Re: Sort alphabetically from file
by james28909 (Deacon) on Jun 15, 2019 at 01:56 UTC
    Using Hash of Arrays, is simple enough.
    use strict; use warnings; my %hash; while (<DATA> =~ /(\d)\s+(\d)\s+(\d)\s+(\w+)/){ push @{$hash{$4}}, $1, $2, $3; } print "@{$hash{$_}}[0..2] $_\n" for sort keys %hash; __DATA__ 1 2 3 delta 1 2 3 apricot 1 2 3 charlie 1 2 3 bravo 1 2 3 echo 1 2 3 fox
    EDIT: changed up code slightly

      Original contents:

      thanks I tried the below and no errors but nothing happens, sure it's me though.
      if ($ARGV[0] eq "-a") { open (INFILE, "$ARGV[1]") or die "$ARGV[1] cannot be openned : $!"; my %hash; while ($source_file =~ /(\d)\s+(\d)\s+(\d)\s+(\w+)/) { push @{$hash{$4}}, $1, $2, $3; } print "@{$hash{$_}}[0..2] $_\n" for sort keys %hash; }
      BTW I should've mentioned I must call my program as follows: myprogram.pl($ARGV[0]) option($ARGV[1]) mytextfile.txt($ARGV[-1]) I'm using this for assigning the text file to a variable $source_file = "$ARGV[-1] hence using $source_file to call the text file but now working. am I missing something?
      Thanks - will try this out. :)

      2019-06-17 Athanasius restored original contents and added code tags around the program call

        • open (INFILE, "$ARGV[1]") or die "$ARGV[1] cannot be openned : $!"; while ($source_file =~ /(\d)\s+(\d)\s+(\d)\s+(\w+)/)
          Maybe (probably) in your head there's a connection between INFILE and $source_file, but not in your script.
          For Perl, they're unrelated…
        • if ($ARGV[0] eq "-a")
          How do you know your $ARGV[0] really equals "-a"?
          What happens if it doesn't?
          I recommend to add an else block with a print "whatever\n", at least while you're still experimenting.
        • Many of the suggestions to your questions include using strict and warnings. Although this seems to impede or slowing down one's development, I recommend it, too:
          • Yes, the time it takes before your script "runs", will be longer
          • The time until your script works correctly, will be shorter
          One of strict's messages is confusing for beginners:
          Global symbol "$x" requires explicit package name
          should read
          Do you really want "$x" to be a global symbol? Better declare it with my
        If you are new to Perl, you might like diagnostics, which won't throw more errors, but messages that (hopefully) are more informative. So, your script(s) should start with
        use strict; use warnings; use diagnostics;

        It is better to open the file using open INFILE, "<", $ARGV[1] or, even better, open $inFILE_HANDLE, "<", $ARGV[1]. It is not causing you a problem now because open() opens for reading (called the "mode") without explicitly setting mode (e.g. reading: "<")

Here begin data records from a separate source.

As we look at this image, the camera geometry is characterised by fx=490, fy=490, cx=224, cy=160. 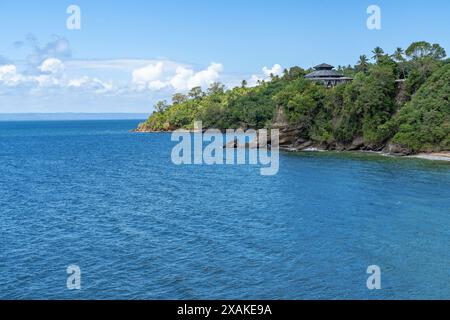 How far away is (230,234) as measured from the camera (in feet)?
110

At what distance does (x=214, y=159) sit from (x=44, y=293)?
183 feet

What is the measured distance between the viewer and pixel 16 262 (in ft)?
91.8

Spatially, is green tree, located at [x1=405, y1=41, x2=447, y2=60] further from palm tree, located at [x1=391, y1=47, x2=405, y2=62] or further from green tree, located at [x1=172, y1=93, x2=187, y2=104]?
green tree, located at [x1=172, y1=93, x2=187, y2=104]

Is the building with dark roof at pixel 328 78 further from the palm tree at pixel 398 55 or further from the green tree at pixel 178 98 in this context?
the green tree at pixel 178 98

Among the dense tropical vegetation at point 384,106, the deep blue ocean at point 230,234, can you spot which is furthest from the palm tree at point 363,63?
the deep blue ocean at point 230,234

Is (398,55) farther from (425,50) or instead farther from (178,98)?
(178,98)

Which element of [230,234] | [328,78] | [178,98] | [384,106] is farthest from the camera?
[178,98]

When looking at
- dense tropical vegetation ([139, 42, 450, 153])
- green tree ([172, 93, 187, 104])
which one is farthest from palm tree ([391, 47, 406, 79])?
green tree ([172, 93, 187, 104])

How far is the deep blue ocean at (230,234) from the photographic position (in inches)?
965

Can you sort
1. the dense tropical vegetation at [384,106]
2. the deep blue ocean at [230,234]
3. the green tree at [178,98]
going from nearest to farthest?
the deep blue ocean at [230,234], the dense tropical vegetation at [384,106], the green tree at [178,98]

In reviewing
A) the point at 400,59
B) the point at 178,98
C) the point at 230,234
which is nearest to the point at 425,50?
the point at 400,59

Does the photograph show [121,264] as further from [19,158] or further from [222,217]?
[19,158]

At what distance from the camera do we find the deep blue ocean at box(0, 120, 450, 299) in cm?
2452

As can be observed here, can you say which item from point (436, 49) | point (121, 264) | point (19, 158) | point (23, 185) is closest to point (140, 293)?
point (121, 264)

        There is a problem reading the file. First you open a file using open(), for that you get a fileHANDLE, e.g. the INFILE or $inFILE_HANDLE. Then you loop reading from the FILE-HANDLE using the diamond operator while(<$inFILE_HANDLE>){ print $_ } and then you close the file(HANDLE): close $inFILE_HANDLE;. You can't read any file contents from a variable which just stores the fileNAME.

        In the case your input is not unique wrt the fourth column you will miss input, all similar column-four lines will go to the hash keyed on column-four overriding any previous line with same column-four key. One solution is not to use a hash but an array of arrays (these are formed in exactly the same way as you do now with the regex) and sort works on arrays.

        See Re^3: Sort alphabetically from file and Re^3: Sort alphabetically from file, they already gave you hints for file open/read problems.